Hürriyet gazetesi Genel Yayın Yönetmeni Vahap Munyar, köşesinde AVM'lerin ekonomik sıkıntılarına yer veren bir makale kaleme aldı. JLL (Jones Lang LaSalle) Türkiye Başkanı Avi Alkaş'ın görüşlerine yer verilen köşede, döviz kiraların TL'ye döndürülmesi kararı alındığında pek çok AVM’nin 'hazırlıksız yakalandığı' ve döviz borçlu 120 AVM'nin bankalara geçebileceği belirtildi.
Munyar'ın köşesi şöyle:
"Uluslararası gayrimenkul danışmanlık şirketi JLL (Jones Lang LaSalle) Türkiye Başkanı Avi Alkaş, dövizli kiraların TL’ye döndürülmesi kararnamesi sonrası Hazine ve Maliye Bakan Yardımcısı Bülent Aksu’yu ziyaret etti:
- Alışveriş merkezi sahiplerinin bir bölümü bu karara açık pozisyonda yakalandı. AVM’lerin döviz borcu 15 milyar dolar dolayında.
Aksu itiraz etti:
- Bizdeki bilgilere göre 8 milyar dolar.
Alkaş, Alışveriş Merkezleri ve Yatırımcıları Derneği Başkanı Hulusi Belgü’yle sohbetlerinde ortaya çıkan mesajı dile getirdi:
- Aslında dövizli kiralar konusunda raconu perakende sektörünün “akil insanları” kesebilirdi.
Devletin “raconu” çok keskin etki yapabiliyor.

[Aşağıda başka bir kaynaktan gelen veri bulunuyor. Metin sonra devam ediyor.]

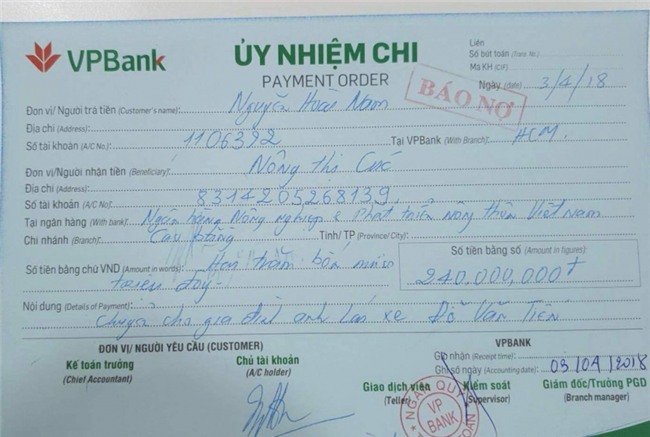 MC Phan Anh thay doanh nhân chuyển 240 triệu tới tài xế đánh lái cứu người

Alkaş, hafta içinde gazeteye uğradı, Aksu’yla görüşmedeki sözlerinin benzerini paylaştı:
AVM’lerin yatırımları sırasında döviz kredisi kullandıklarını anımsattı:
- Bir ara dövizle borçlanmak TL’ye göre daha uygundu. Neredeyse “dövizle borçlanmayanı dövüyorlar” gibi bir hava hakimdi.
AVM’ler ile perakende sektörü arasındaki mevcut durumu şöyle özetledi:
- Devletler, şirketler, kurumlar sözleşme imzalarken ideal olanı “win-win” (kazan-kazan) modelidir. Dövizli kiraların TL’ye dönüşüyle ilgili karar sonrası “lose-lose” (kaybet-kaybet) durumu ortaya çıktı.

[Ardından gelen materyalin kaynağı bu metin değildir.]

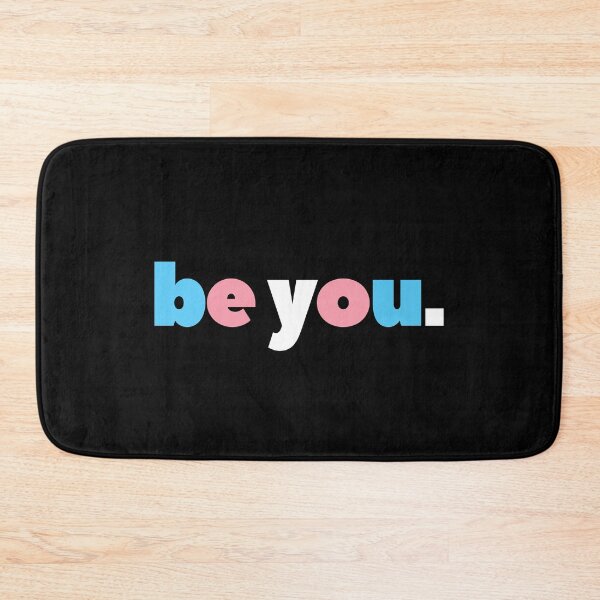 Item preview, be you Trans. Transgender Pride designed and sold by Subtle Pride Shop.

Hulusi Belgü’yle bundan sonrası için çözüm arayışları sırasında gündeme gelen bir formüle değindi:
- Perakende sektörü ile AVM’ler arasındaki kira sözleşmelerine bankalar “üçüncü taraf” olarak eklenebilir. Banka, kira sözleşmelerine bağlı kredi açabilir. Sonra da kira tahsilatını anlaşılan dönem boyunca banka yapabilir. Bu yöntem, AVM sahipleri-işletmecileri ile perakende sektörü arasındaki kira gerilimini ortadan kaldırabilir.
Bu noktada Hazine ve Maliye Bakan Yardımcısı Nureddin Nebati’nin eleştirisini anımsadı:
- Nureddin Bey, “AVM’ler yaygınlaştıkça küçük esnaf zorlanıyor” diyor. Aslında biz AVM yönetme, işletme danışmanı olarak formüller geliştiriyor, küçük esnafı zincire katıyoruz.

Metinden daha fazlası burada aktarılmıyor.